Early in October 1934, the California Real Estate Association was holding its annual convention at the Biltmore Hotel in Santa Barbara. “California Straight Ahead” was the theme of the three-day event, whose honorary guests included Harry H. Culver, founder of Culver City, Nevada governor Morley Griswold, and California governor Frank Merriam.
The 1934 convention was markedly different from past gatherings. Though such real estate-related topics as industrial zoning, brokerage commissions, and bankruptcy procedures were discussed, a more pressing concern was on the minds of the men who attended—particularly Robert A. Swink, the association’s president. On the second day of the convention, Swink gave an address to his fellow attendees. “I am sure I voice the wish of every realtor in California,” he said, “when I express the hope that our beloved state and country may never see the time when communism shall get a foothold. I feel confident every realtor in California will be found standing on the side of true Americanism, under the Stars and Stripes, ready to die, if need be, in defense of country and home.”
The “communist” threat Swink warned of was none other than his Pasadena neighbor Upton Sinclair, author of The Jungle and other novels, who was running for California governor as a Democrat. His campaign was called EPIC, or “End Poverty in California,” and it had thrown state business leaders and conservatives into a fit.

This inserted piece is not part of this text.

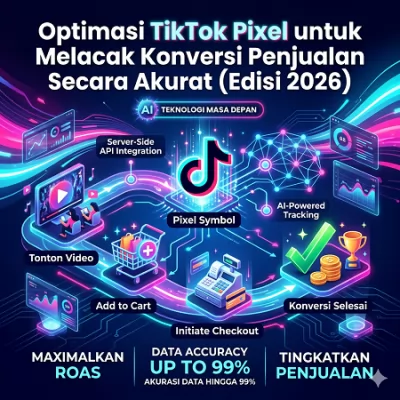 Optimasi TikTok Pixel untuk Melacak Konversi Penjualan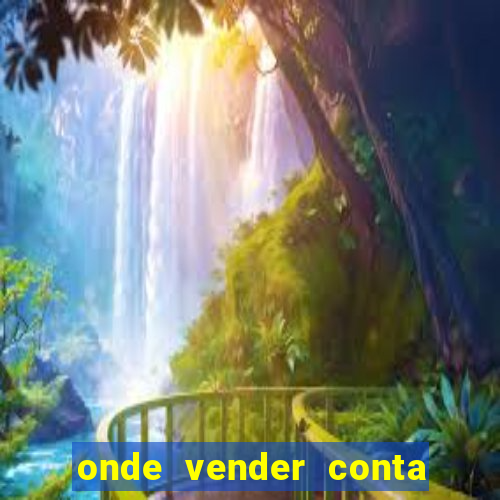 onde vender conta de jogos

The previous month, Mary M. Everett, president of the Women’s Republican Club of Pasadena, had excoriated Sinclair in a speech to the Friday Morning Club of Los Angeles, while endorsing his Republican opponent, Frank Merriam. “Whoever casts a vote for a candidate other than Merriam,” she warned, “may be responsible for the election of Sinclair, and is as much of a traitor to true Americanism as the man who willfully fires a blank cartridge, instead of a bullet, in defense of the flag.”
It was the midst of the Depression, and 900,000 Californians were out of work. Basic necessities like food were no longer affordable, and farmers were destroying livestock and crops in an effort to raise prices by increasing demand. Labor disputes between striking workers and their employers had turned violent.
The same month the realtors met in Santa Barbara, Sinclair wrote in The Literary Digest: “A man’s attitude toward this situation depends upon one factor. If he believes that private industry is ‘coming back,’ he is willing to wait and endure and patch things up. But finally it must occur to him to wonder whether the thing called ‘prosperity’ will ever come back again.”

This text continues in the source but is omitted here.